Following World War II, the Chief Rabbi of Israel, Isaac Herzog visited this country. Chicago was one of the cities on his itinerary. At the airport, a large crowd – from community leaders to young school children – greeted him. For those unfamiliar, Rabbi Herzog cut a majestic figure with his silver tipped cane and his signature top hat. He was always eloquent and inspiring. That day was no exception. When he concluded his speech, his face slowly lost its joy and radiance. In fact he became quite somber.
“I come not from Jerusalem,” he told the assembled, “but from Rome where I met with Pope Pius.
“During the War, many Jewish children were sheltered in monasteries throughout Europe where kind Christians saved them from the Nazis. I asked the Pope to release those children back to their heritage to be raised as Jews.” Suddenly, to the shock of the children and the awe of the adults, the Rabbi began to cry.
“The Pope did not acquiesce. He said that once a child is baptized, he can never be returned.”
Rabbi Herzog trembled as he continued to sob uncontrollably. He looked at the assembled children
“My dear kinder Lech,” he wailed, “We lost them!” Suddenly his demeanor changed, as a ray of hope sparkled from his eyes. “We lost them,” he repeated. “But,” he continued, as he locked his eyes at the young faces, who stared directly at his teary eyes, “WE HAVE YOU! WE HAVE YOU!”
In his final days, Moses warns his fellow Jews of dire days that are bound to come. “Sulfur and salt, a conflagration of the entire Land…like the upheaval of Sodom and Gomorrah.” Certainly, the events Moses describes are severe, even apocalyptic. But what strikes many of the commentaries are the words that immediately follow these predictions of doom: “The hidden is for Hashem, but the revealed are for us and our children to carry out all the words of this Torah.”
What exactly are the ‘hidden’ and the ‘revealed’ referring to? According to many, it means that the hidden sins are not ours to worry about, but those failings which are revealed must be dealt with by society. One must wonder why Moses would have to distinguish between them: do we not realize that G-d alone is privy to sins committed in hiding?
Perchance this verse, so cryptic, relays a message of hope. The hidden is for G-d: This means that sometimes there are no answers for mortal minds; they are hidden with G-d. “But the revealed are for us.” Those of us remaining, however, must deal with what we do know.
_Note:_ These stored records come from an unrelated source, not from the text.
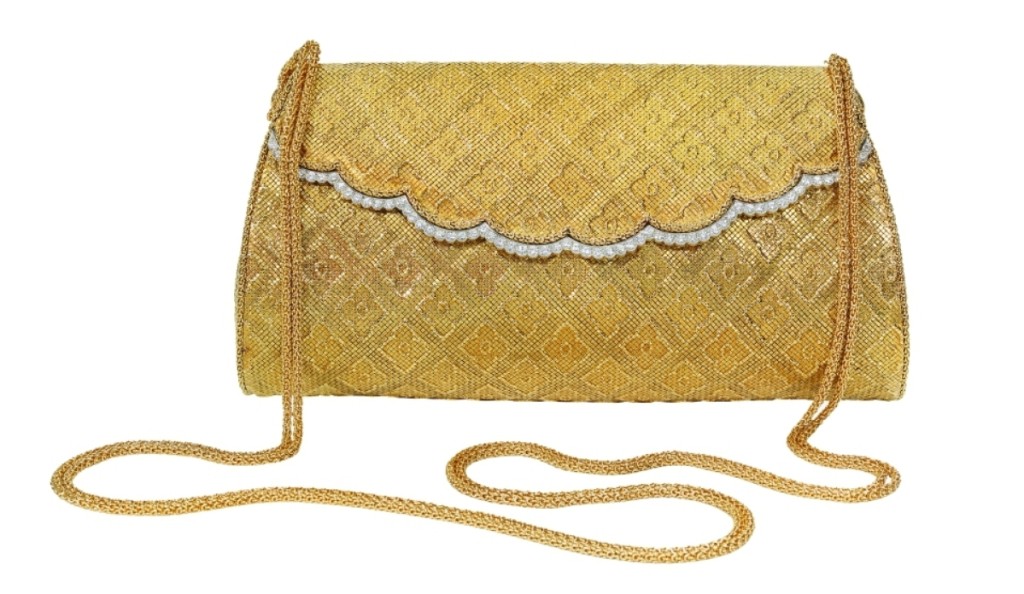 An evening bag of 18K gold with an edging of diamonds by Van Cleef & Arpels tripled its high estimate to bring $32,500.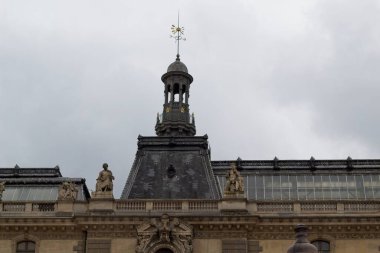 palace of louvre paris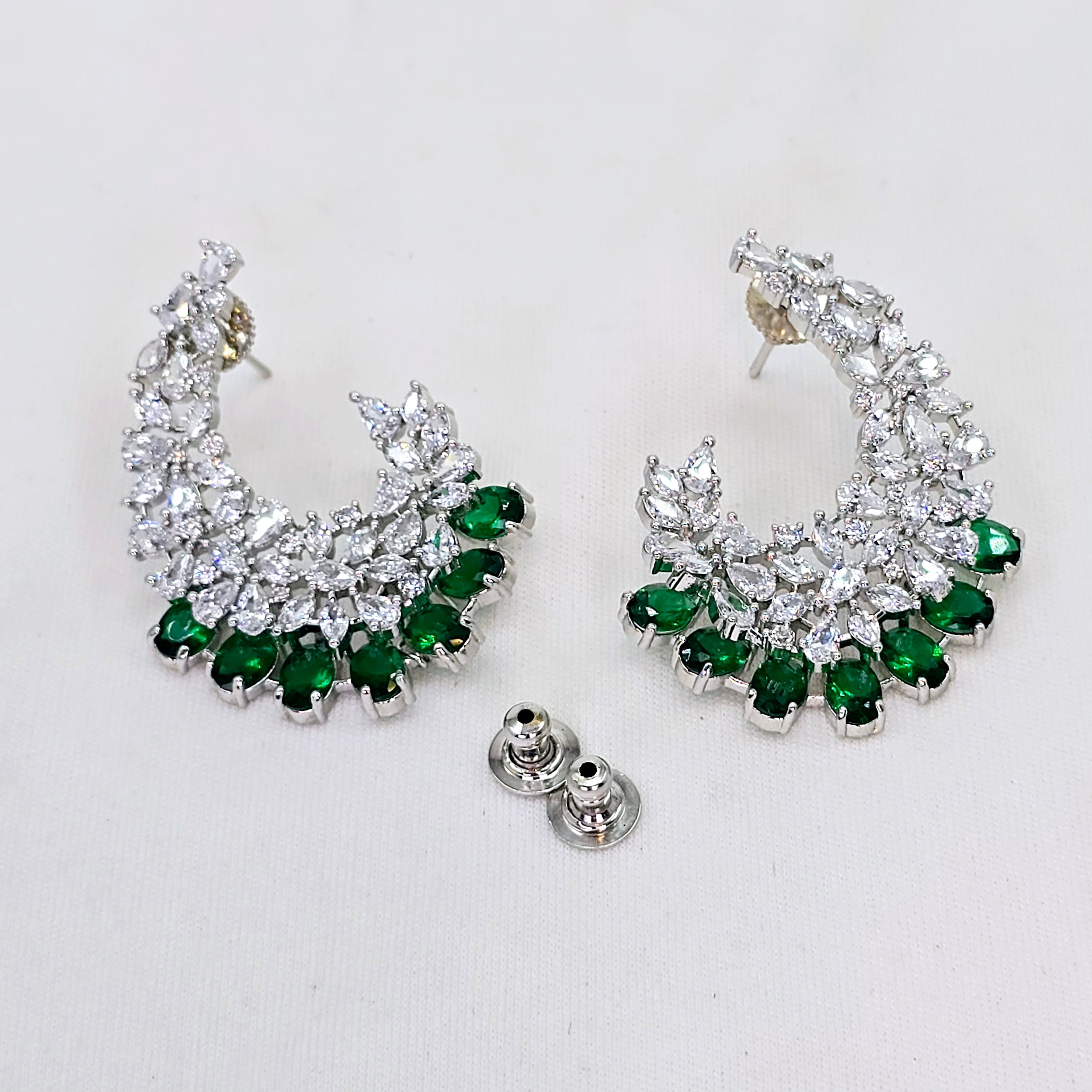 The Yaira Whitegold A.D Earring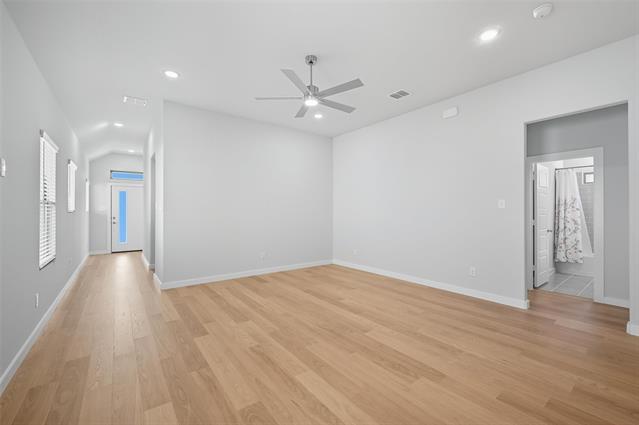 Building Photo - 908 Pne Bch Dr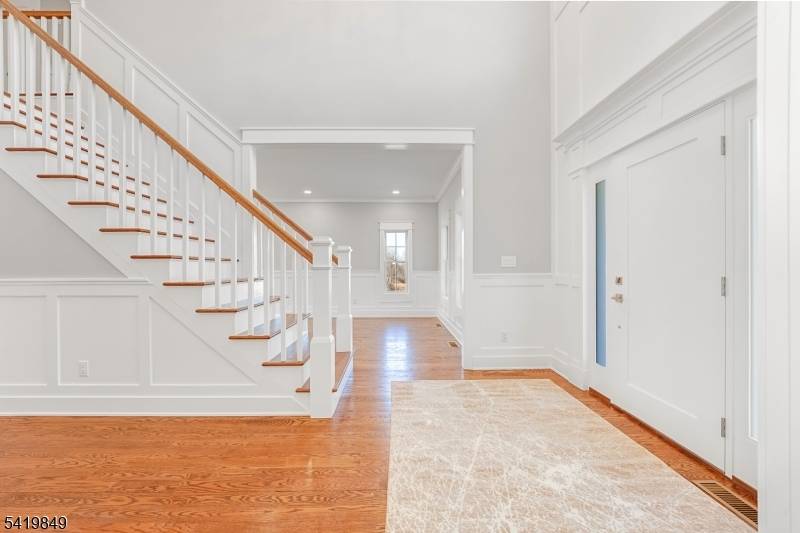 1 Lourdes Ct, Andover Twp., NJ 07860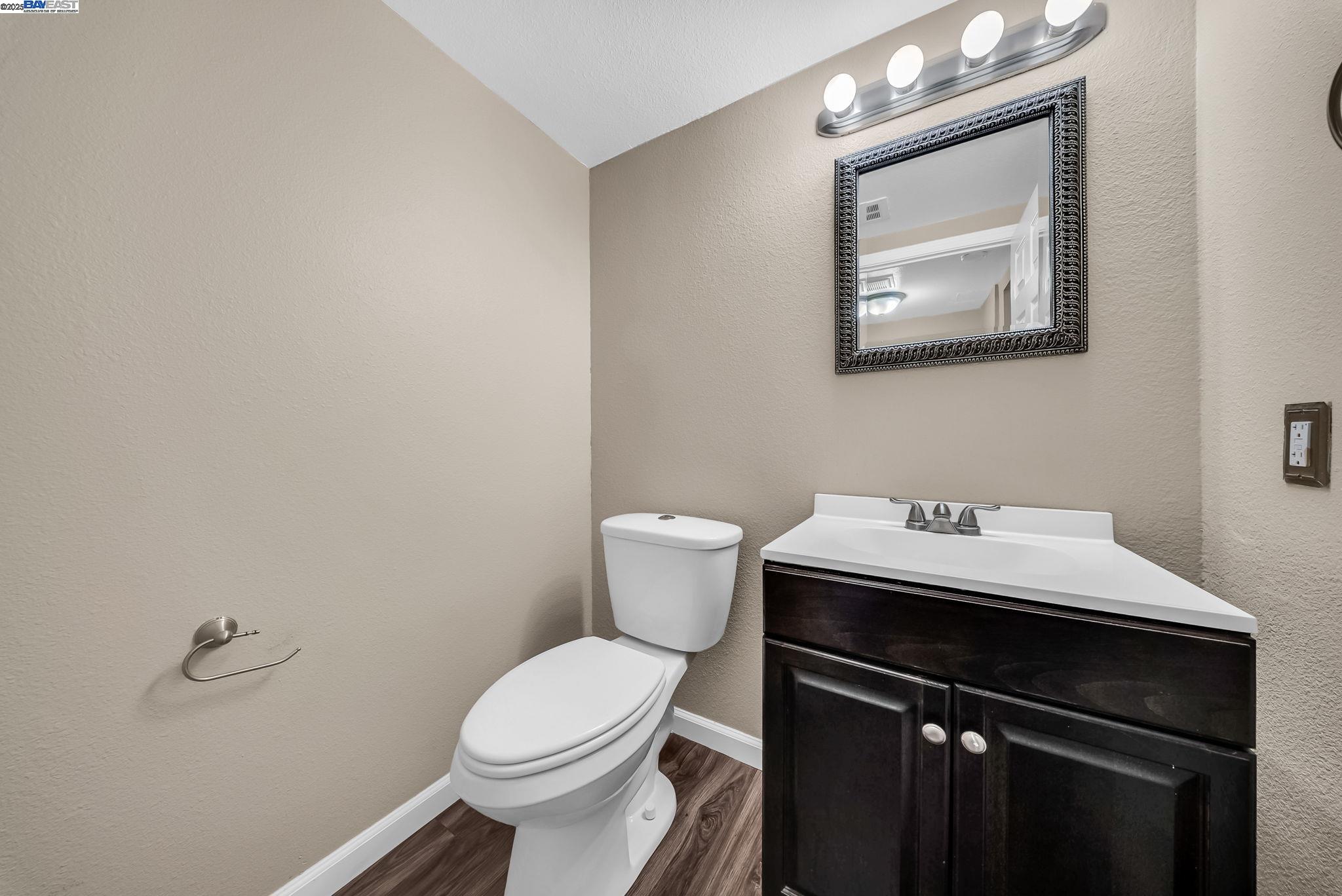 Detail Gallery Image 13 of 33 For 4446 Seminole Way, Pleasanton,  CA 94588-4201 - 4 Beds | 2/1 Baths
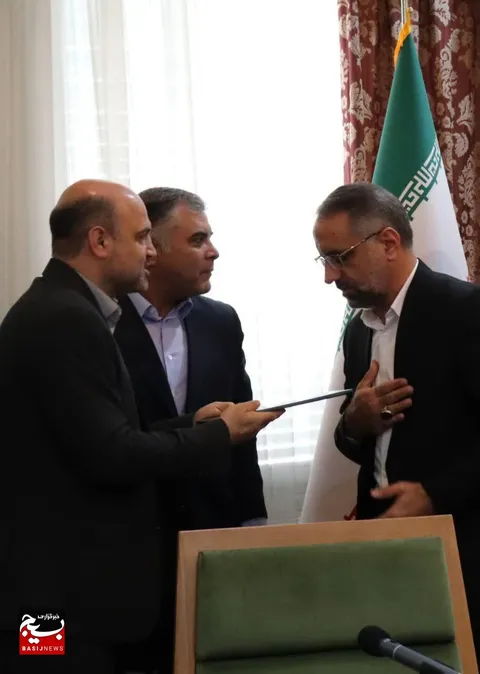 سردار سلیمانی رئیس سازمان بسیج مستضعفین طی حکمی، فرمانده جدید مرکز بسیج وزارتخانه نفت را منصوب نمود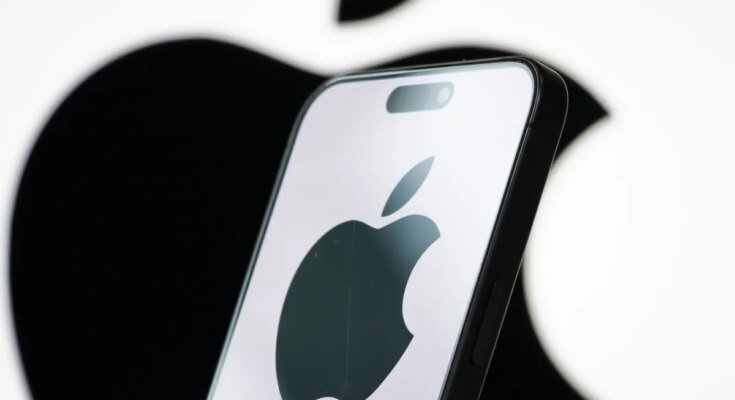 Apple in talks to pay publishers to Siri with current news: report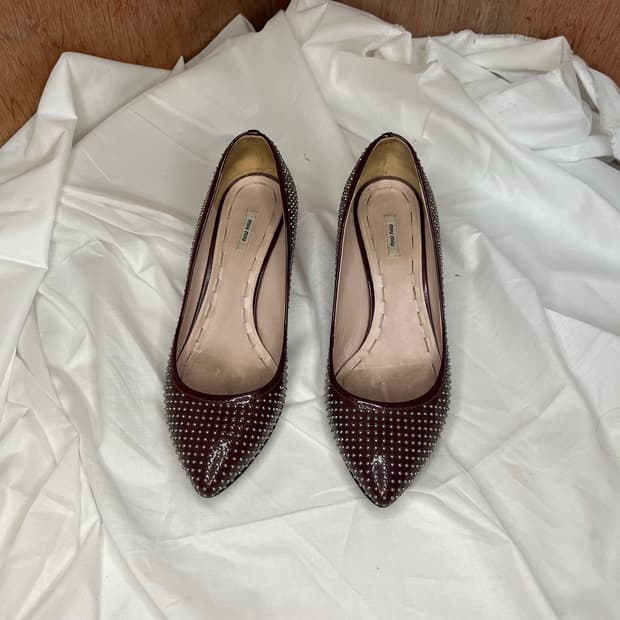 미우미우 스터드 힐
We must build from the ashes of our despair; from the crematories of Auschwitz, from the embers of eateries in Jerusalem and tunnels in Gaza, or from the scarred skeletons of a Manhattan skyline.
Those we lose are “hidden with Hashem (upstairs),” but our task is for those still here, referred to as “the revealed,” as in, “our children… to carry out all the words of this Torah.”
PICTURE taken in 1959 of Yitzhak HaLevi Herzog (1888 –1959): He was the first Chief Rabbi of Ireland from 1921-1936. From 1937 until his death in 1959, he was Ashkenazi Chief Rabbi of the British Mandate of Palestine and of Israel after its independence.